Out of all FL models, the M7 and M6 models gained the best outcomes. The M5 and M3 models performed almost equally well, however, with fewer inputs.

3.3. Artificial Neural Network Bearing Strength Prediction Model

As in the previous models, the artificial neural network models were constructed to predict unpaved airport surface bearing capacity considering Equations (1)–(10). In order to formulate performances, statistical characteristics such as the MSE, R, and RMSE were proposed for each one, using 70% of data for calibration and the remaining 30% of data for validation. The most important results are presented in

Table 3. Performance evaluation of the artificial neural network models.

Model	Calibration			Validation
	MSE	R	RMSE	MSE	R	RMSE
Precipitation rate and mean air temperature
M1	0.024	0.655	0.154	0.026	0.456	0.16
M2	0.021	0.71	0.143	0.017	0.699	0.13
Precipitation rate and antecedent soil strength
M3	0.003	0.958	0.058	0.003	0.942	0.058
M4	0.004	0.956	0.059	0.004	0.938	0.059
M5	0.003	0.961	0.056	0.003	0.948	0.056
Precipitation rate, mean air temperature and antecedent soil strength
M6	0.004	0.955	0.06	0.003	0.948	0.054
M7	0.003	0.962	0.056	0.003	0.946	0.055
M8	0.003	0.96	0.056	0.005	0.922	0.069
M9	0.003	0.961	0.055	0.003	0.947	0.055
M10	0.003	0.961	0.055	0.003	0.948	0.054

for both periods. Not only were the model comparisons conducted within the entire ANN model group, but also, they were compared with the other two principally different models.

In general, the ANN models displayed the MSE in the 0.003 and 0.026 margins. The R was from 0.456 to 0.962, and the RMSE in the range of 0.055 and 0.16.

In the models being compared within the three main groups, the M2 model outperformed the M1 model.

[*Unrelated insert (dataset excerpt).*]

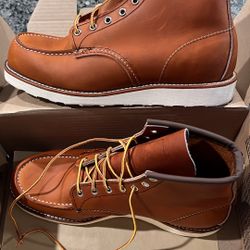 875 Redwing Boots Size 10E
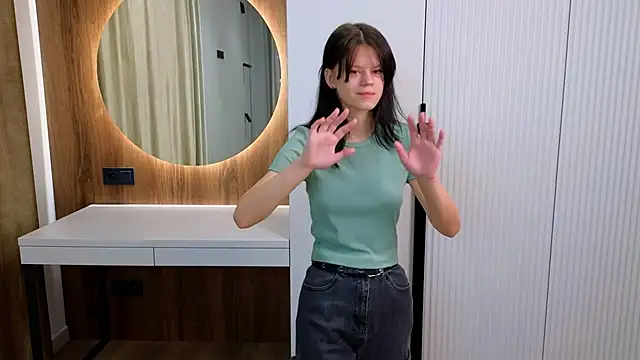 MauraDenis online show from 11/03/25, 01:44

The MSE, R, and RMSE were 0.021, 0.71, and 0.143 (0.017, 0.699, and 0.13 for validation) in the first group with a precipitation rate and mean air temperature as only inputs. In the second group concerning a precipitation rate and antecedent soil strength input combination, the M5 model displayed the best resolution. The MSE, R and RMSE were 0.003, 0.961 and 0.056 (0.005, 0.945 and 0.056 for validation). However, the difference in performance from the M3 and M6 models was minuscular. Out of the last group with a precipitation rate, mean air temperature, and antecedent soil strength inputs comprising the M7, M9, and M10 models showed nearly equivalent performances. The M8 model displayed the MSE, R, and RMSE as 0.003, 0.962, and 0.056 (0.005, 0.922 and 0.069 for validation).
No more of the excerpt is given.